自ら名乗った「物流エンジニア」という肩書

 フリーランスでやっていくからには自身の強みをアピールするべきだと考え、前職時代に養った経験をアピールするため、自らに「物流エンジニア」という肩書を付けた。そして、PE-BANKなど幾つかのフリーランスエンジニアをサポートするエージェントに登録し、案件を探した。

 垣花さんがリクエストしたのは、Webシステムのフロントサイドにおける新たな技術を身に付けられるプロジェクトか、得意とする物流システムの開発プロジェクトだった。

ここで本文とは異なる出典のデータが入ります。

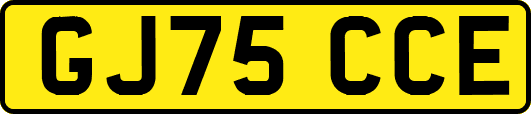 GJ75CCE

いずれも自身の市場価値を高めるという目的を達成するためのものだ。

 PE-BANKから紹介されたのは、野球やコンサートのチケット予約システム開発だった。

 「物流と無縁のように思えますが、限られた座席数を、販売実績に基づいてどこの代理店にどれだけ分配するか、あるいは手元にプールしておくかなど、在庫管理の考え方が、そのまま生かせるものでした。『物流エンジニア』として、とても良い経験になったと思います」(垣花さん)

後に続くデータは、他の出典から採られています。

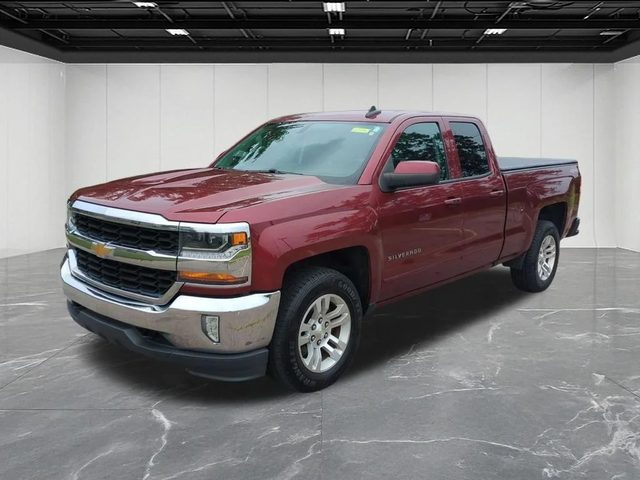 2017 Chevrolet Silverado 1500 LT 4WD photo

 このプロジェクトは先日カットオーバーし、現在は次のプロジェクトに向け準備中だという。

フリーランスになって見えてきたこと

 企業常駐型のフリーランスになって、見えてきたこともある。

 垣花さんが常駐する現場には、「フリーランス」の他に、「プロパー」(顧客企業の社員)もいれば、以前の垣花さんのような下請け会社の社員がSES契約で顧客企業に常駐する「外注」もいる。

 垣花さんはプロパーに対しても意見を発することが多いが、外注のエンジニアたちは、唯々諾々と言われた仕事を続けることが多いという。彼らから「余計なことを言わずに言われた仕事をしようよ」という一種の「同調圧力」のようなものを感じることもあるという。

 会社員時代は自社に提出する週報の作成といった間接業務があったが、今はそれがなく、開発そのものにより一層専念できる。

 「収入はフリーランスになって大幅に増えましたね(笑)」(垣花さん)

 会社員時代は、営業スタッフと顧客企業との間で「エンジニア不在の単金交渉」が行われていた。しかしフリーランスとなった今は、自身の貢献を直接契約先にアピールし高評価を獲得できる。また、その評価を契約金額の向上につなげるためにエージェントの営業と二人三脚で交渉できることがモチベーションにつながっている。

 「会社員エンジニアは、労働量に見合った収入を得ていないと思います」(垣花さん)

 フリーランスは将来が不安という意見をよく耳にするが、外注エンジニアの将来は安泰なのだろうか。会社都合でプロジェクトを転々とさせられ、体系立ったスキルを身に付けていけないようなら、20年後、30年後にエンジニアとして活躍する場所はないだろう。管理職もポストの数が決まっているから、全員がなれるわけではない。それなら、自分の思い描くキャリアに沿ってスキルや経験を身に付けられる分、フリーランスの方が「不安定ではない」といえる部分もあるのではないだろうか。

エージェントにもそれぞれの色がある

 企業常駐型フリーランスの活動を支援するエージェントの選び方について、聞いてみた。

 垣花さんによれば、PE-BANKは業務システム開発に強いイメージがある。他にも、インターネットサービスやベンチャー系企業に強いエージェントなど、それぞれに強みがあるので、目的に合ったエージェントを探すのが大切とのことだ。

 また、案件を一つずつ紹介して、逐一やる/やらないを答えさせるエージェントも多い中、PE-BANKは希望に合致する案件を一覧で見せて、その中から候補を選ばせてもらえたため、好印象を持ったという。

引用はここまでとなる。